[Opening Source information section]
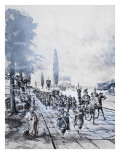 A Roman Legion Giclee Print by Barrie Linklater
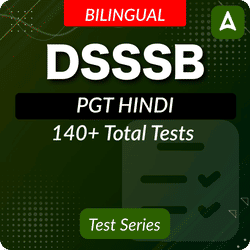 DSSSB PGT Hindi Mock Test 2025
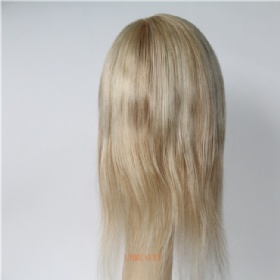 Customize Virgin Human Hair Highlight Color Women Toupee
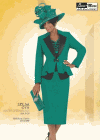 <b>Ladies Skirt Suit by Benmarc</b><br>Winter Green-Black<br>Sizes 8-24<br>Style 47431 <b>Ladies Skirt Suit by Benmarc</b><br>Winter Green-Black<br>Sizes 8-24<br>Style 47431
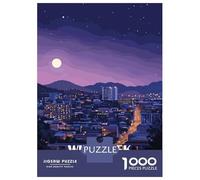 Rompecabezas para Adolescentes De 1000 Piezas Windhoek Namibia Cityscape at Night Rompecabezas para Adultos Juguetes Antiestrés Regalo De Cumpleaños Cumpleaños 70x50cm/1000pcs
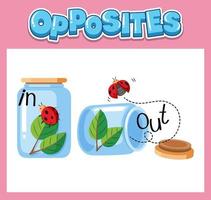 Opposite English words for kids vector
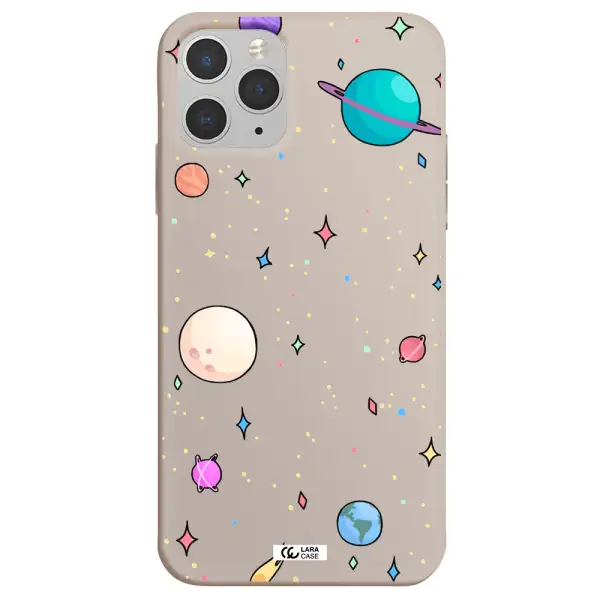 Solar System Print Apple iPhone 11 pro Silicone Stone Case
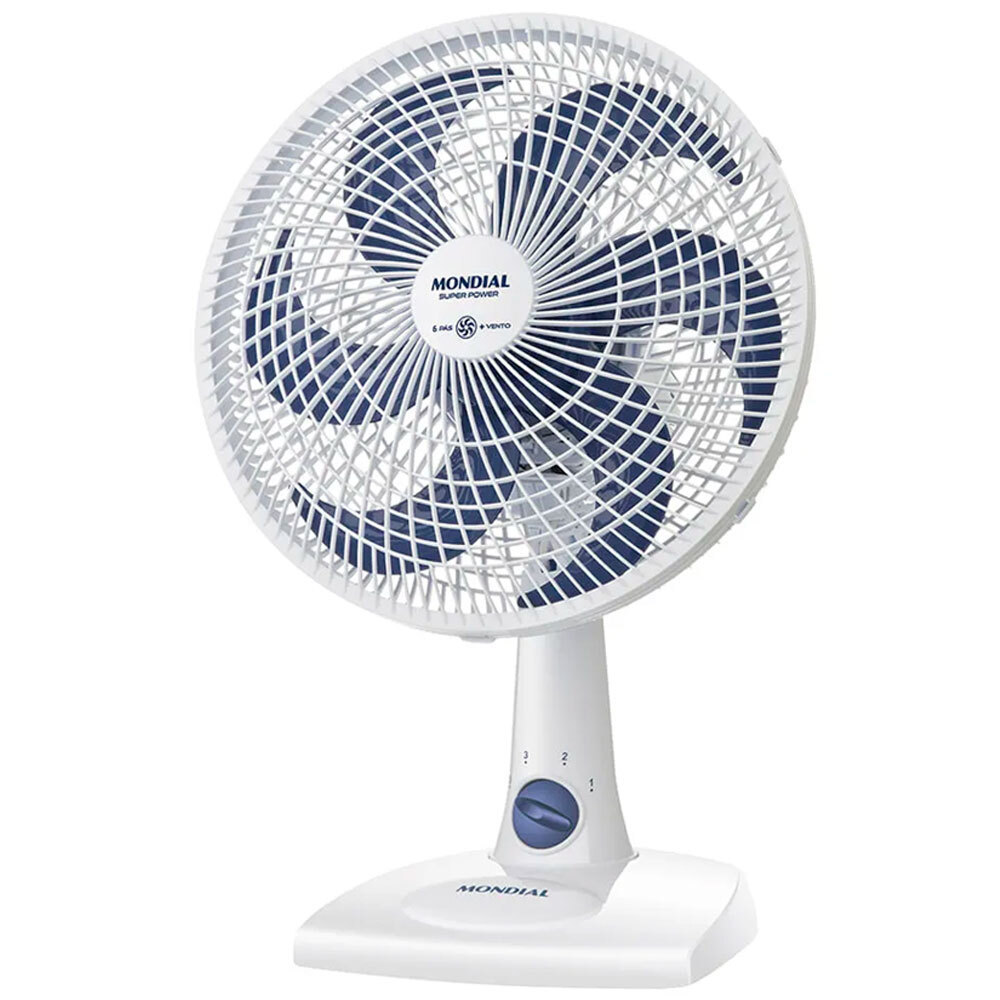 Ventilador de mesa 30cm 6 pás 3 velocidades VSP-30-W - Mondial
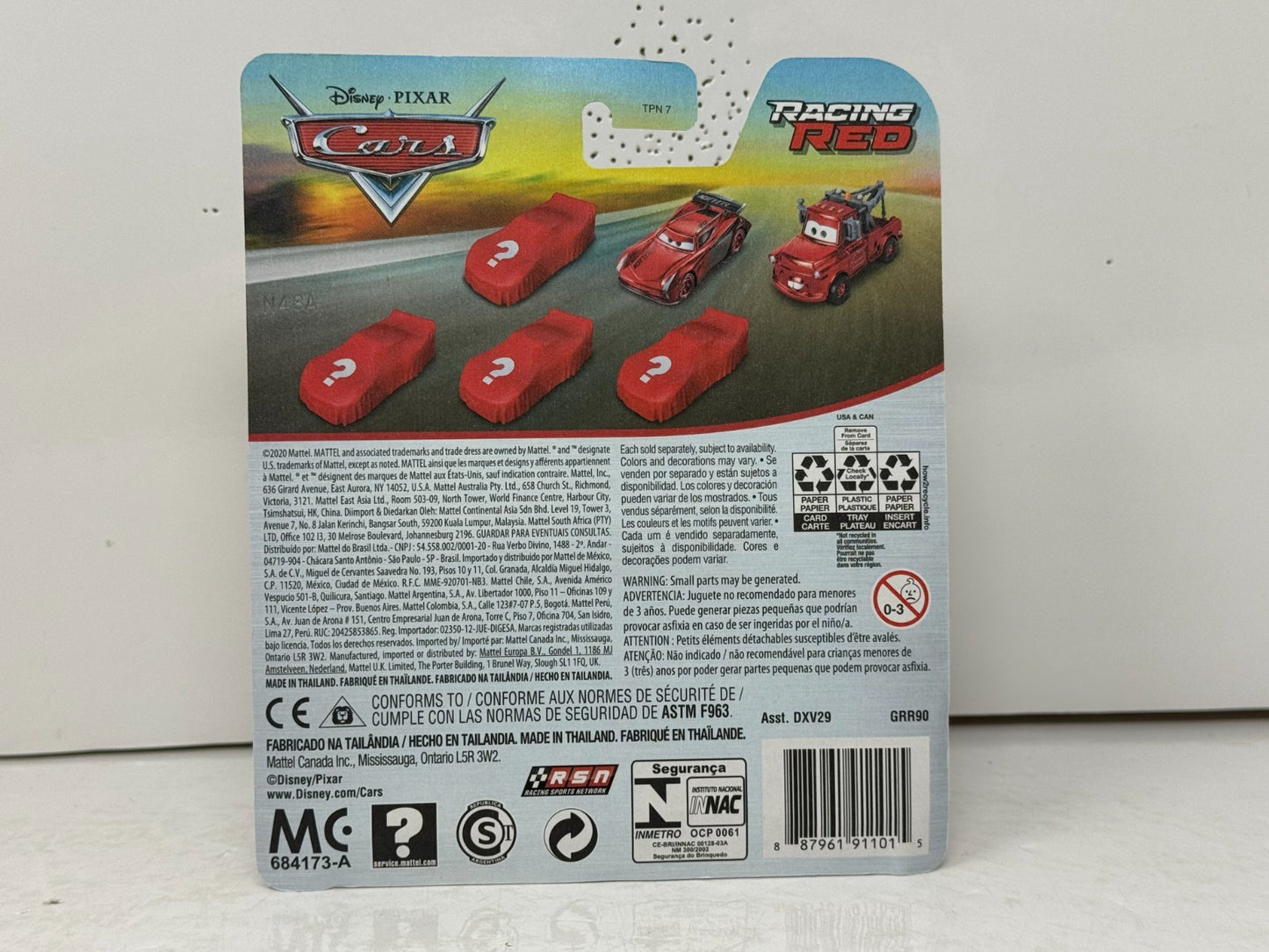 Disney Pixar Cars Jackson Storm Racing Red 2021 Metal 1:55 Diecast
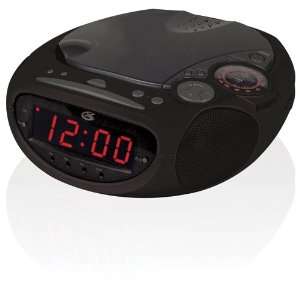 GPX CC319B AM/FM Clock Radio with Dual Alarms and Top Load CD Player 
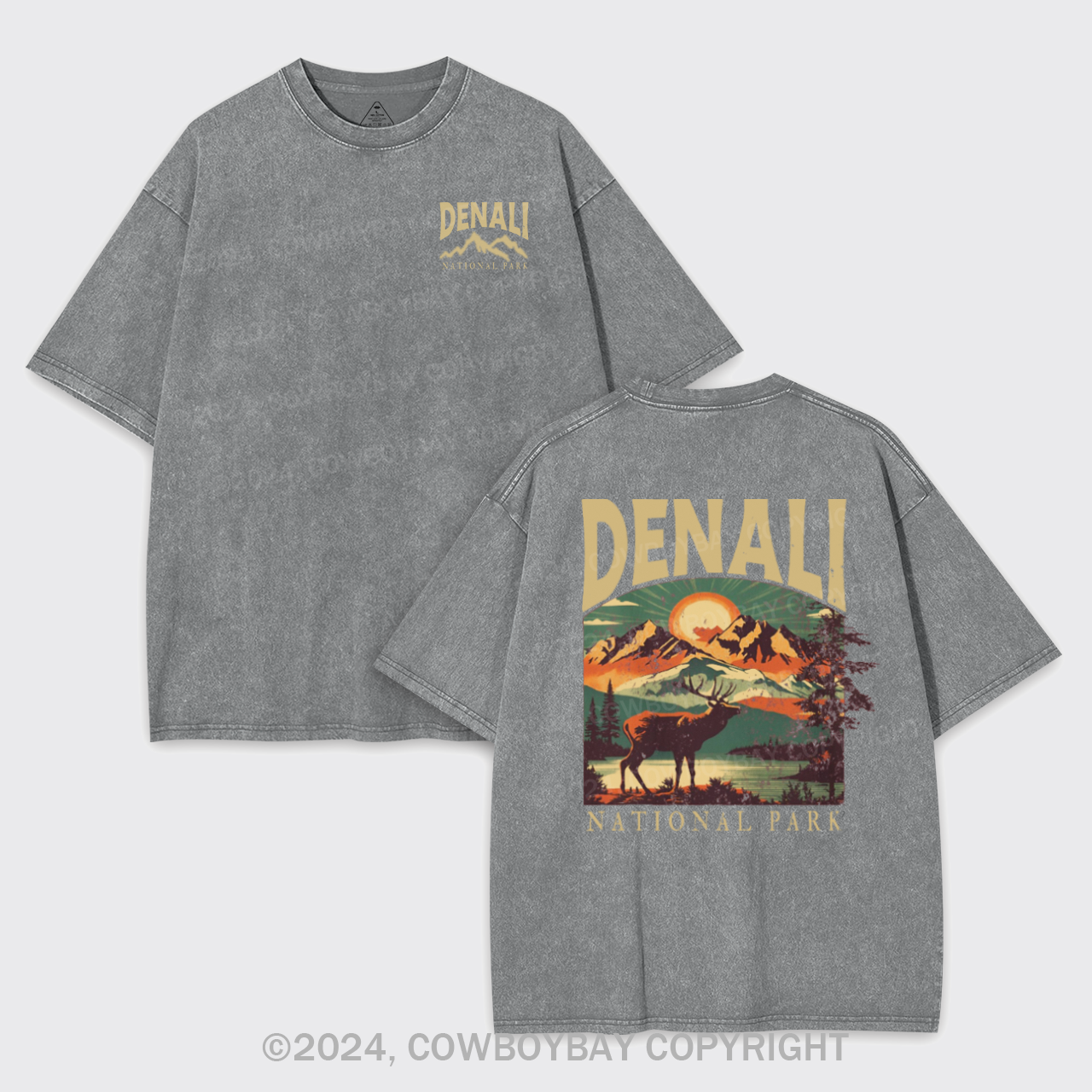Denali National Park Garment-dye Tees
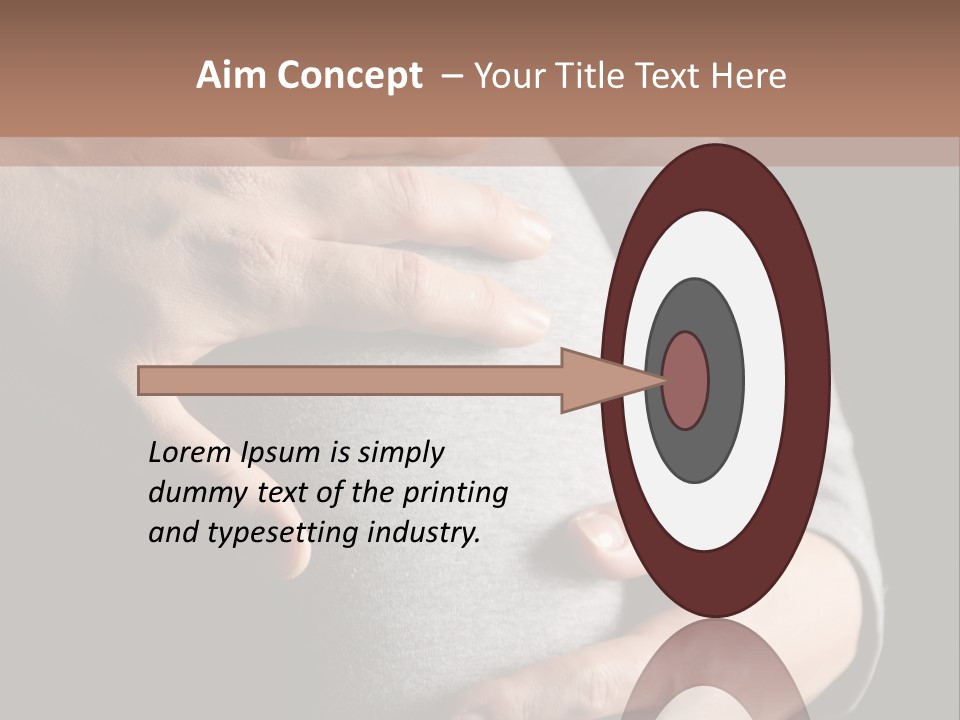 Breast Human Tummy PowerPoint Template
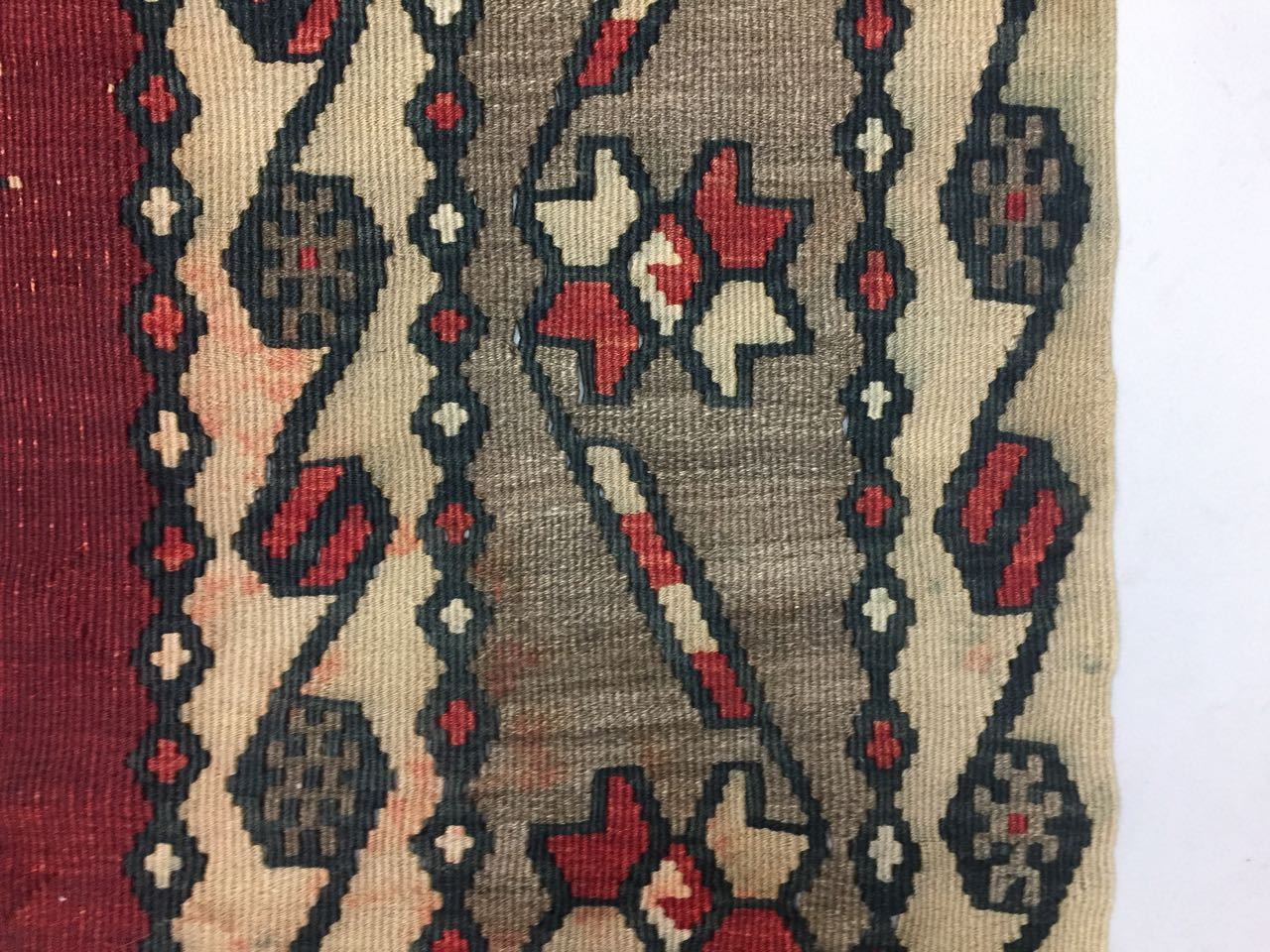 Vintage Turkish Kilim Kelim Rug shabby chic wool,Moroccan boho 250x135cm Large Antiques:Carpets & Rugs kilimshop.myshopify.com
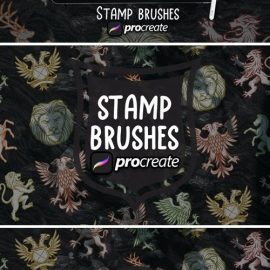 Medieval Symbol Heraldic Brush Stamp Procreate Free Download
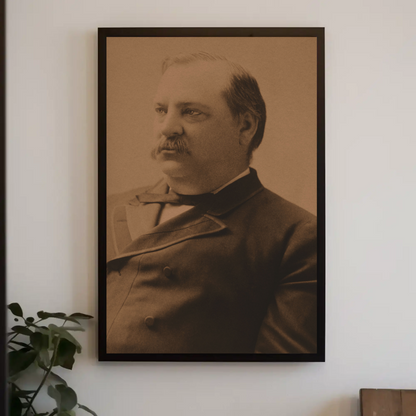 Grover Cleveland 22nd President Sepia Photo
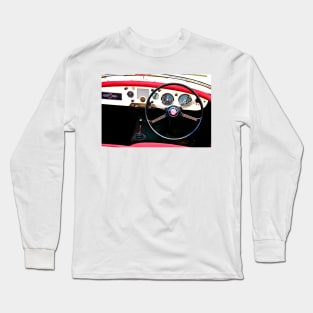 MG A Classic British Sports Car Interior Long Sleeve T-Shirt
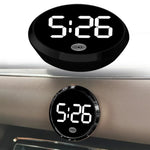 Touch Screen Car Clock | LED Luminous Electronic Watch for Most Vehicles close-up view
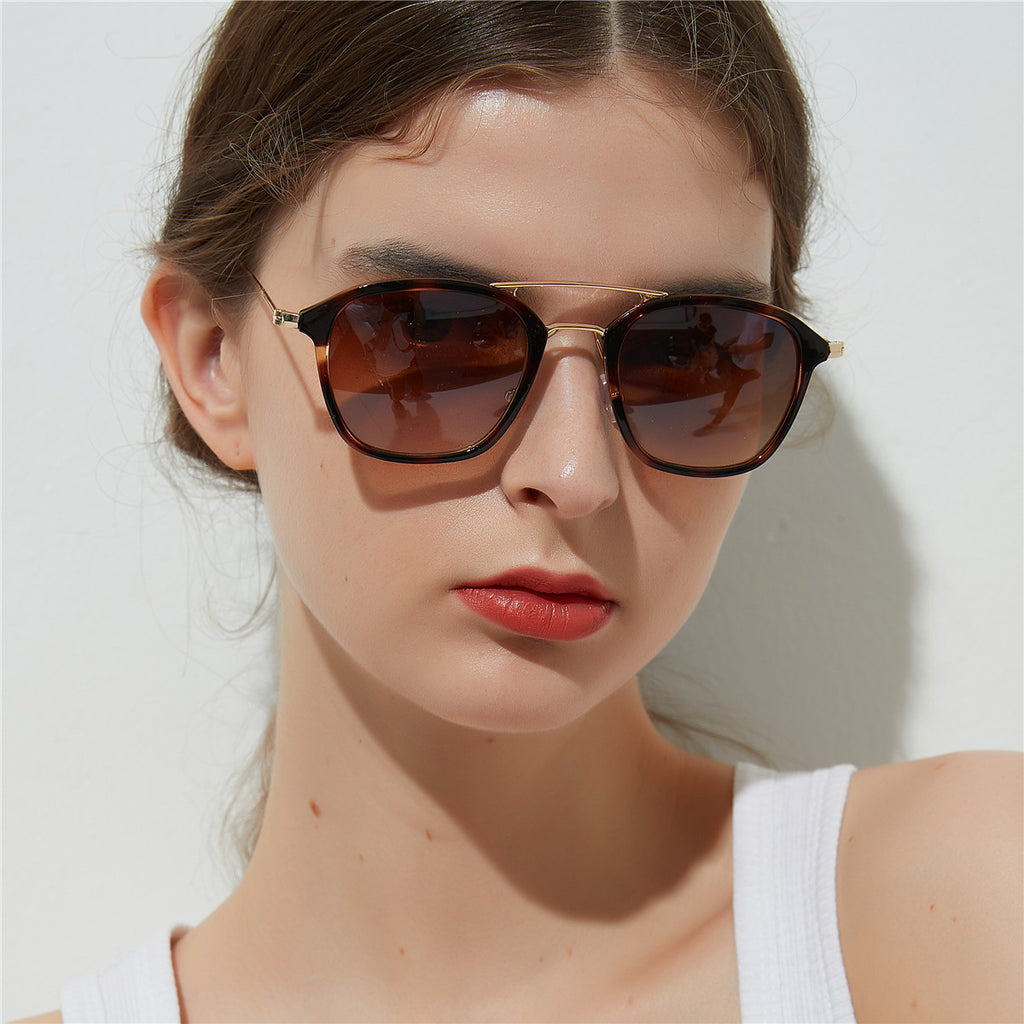 C2C Double beam retro sunglasses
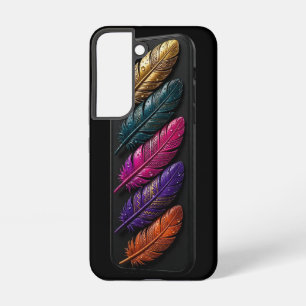 Funda Para Samsung Galaxy S22 Abismo Esmeralda - Líquido de Lujo Verde Negro y D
[Closing Source information section]
Copy exactly, please, every line from the one holding "Grover Cleveland 22nd President Sepia Photo" through the last line of the data, both ends included, and no pictures.

*Written response:*
 Grover Cleveland 22nd President Sepia Photo
 MG A Classic British Sports Car Interior Long Sleeve T-Shirt
 Touch Screen Car Clock | LED Luminous Electronic Watch for Most Vehicles close-up view
 C2C Double beam retro sunglasses
 Funda Para Samsung Galaxy S22 Abismo Esmeralda - Líquido de Lujo Verde Negro y D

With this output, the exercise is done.